Let us go back in time and examine Mzee’s lifestyle in this house. Light fixtures are conspicuously absent as there was no electricity here at the time.
In the sitting room, there are five, long seats with hard linen covers that date back to the late 1950s. The fact that they have survived up to now means that they were made of hard wood, probably pod carpus.
On these seats, he held discussions with high profile visitors during the independence negotiations. The fact that there are five seats meant that the number of such visitors were limited. Michael Blundell, a well-known white farmer and politician may have sat on the seats a number of times as he was among the facilitators of these meetings.
Rising status
Kenyatta’s pact with the whites that they were welcome to stay on after independence and that their property was safe may have been uttered here.
On an adjacent desk lies a fixed telephone line — extension 2 — that allowed him to communicate with local government officials.
A huge portrait of Kenyatta hangs above the fireplace. On an opposite wall hangs his picture with a few friends from Maralal. Among them is Wanyiri Kimomori, Kenyatta’s close friend and a cobbler. Kimomori had been fetched from Nyahururu by the colonialists as he was an accomplished horse handler.
“The picture must have been taken somewhere within Maralal town. Kenyatta was allowed to visit the town but due to his rising status, he could not address more than ten people. That is why the number of people in the picture is exactly ten excluding Kenyatta,” says Rigano.
To the immediate left of the sitting room is a guest room. Here, Rigano says, is where any visitor could spend the night. Again, the fact that there is only one guest room meant that no more than a single visitor could be entertained by Kenyatta at any given time.
Next is Kenyatta’s bedroom comprising of a spring bed with a straw mattress. On top of a wooden cabinet is the good old, charcoal iron box. Next stands a full size mirror, another glimpse into the ‘good’ lifestyle that Mzee indulged in.
“Remember that Kenyatta was allowed to receive high ranking colonial officers. He would be notified of such visits in advance. This means he had to look his best hence the iron box and the king size mirror. That was not an ordinary prisoner’s life,” Rigano says.
Rigano tells us that it is possible to see Mount Kenya from the bedroom window, a feature that provided the best background as Kenyatta worked on his well known memoirs, Facing Mount Kenya.
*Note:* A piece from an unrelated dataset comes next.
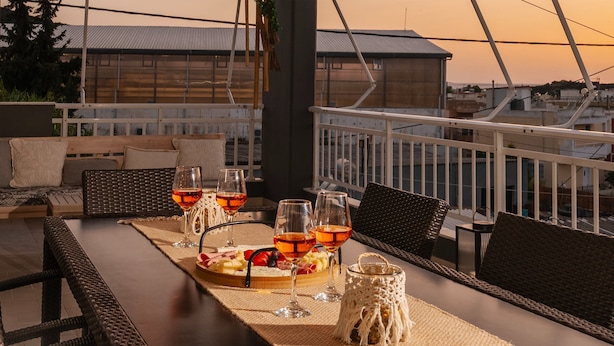 Un espace repas avec une longue table dressée pour un repas, où l’on trouve une variété de plats et de boissons.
This bedroom is also special for another reason: It was here that the first “Project Uhuru” was conceived.
When he visited the house on July 1, 2007, the current President wrote the following words on the visitors’ book: “Conceived in this house in the year of (our) Lord 1961. A pleasure to be back using my own two feet.”
A third bedroom housed Kenyatta’s two daughters, Christine Wambui, now Chritine Pratt and Jane Njeri.
In the kitchen stands another antique. A wood-powered oven that Kenyatta and Mama Ngina used for making meals as well as for baking not only for the small family but for the few guests as well. Since there were no house servants, we can only imagine the resilient wife scouring the neighbourhood, looking for dry logs to make a fire.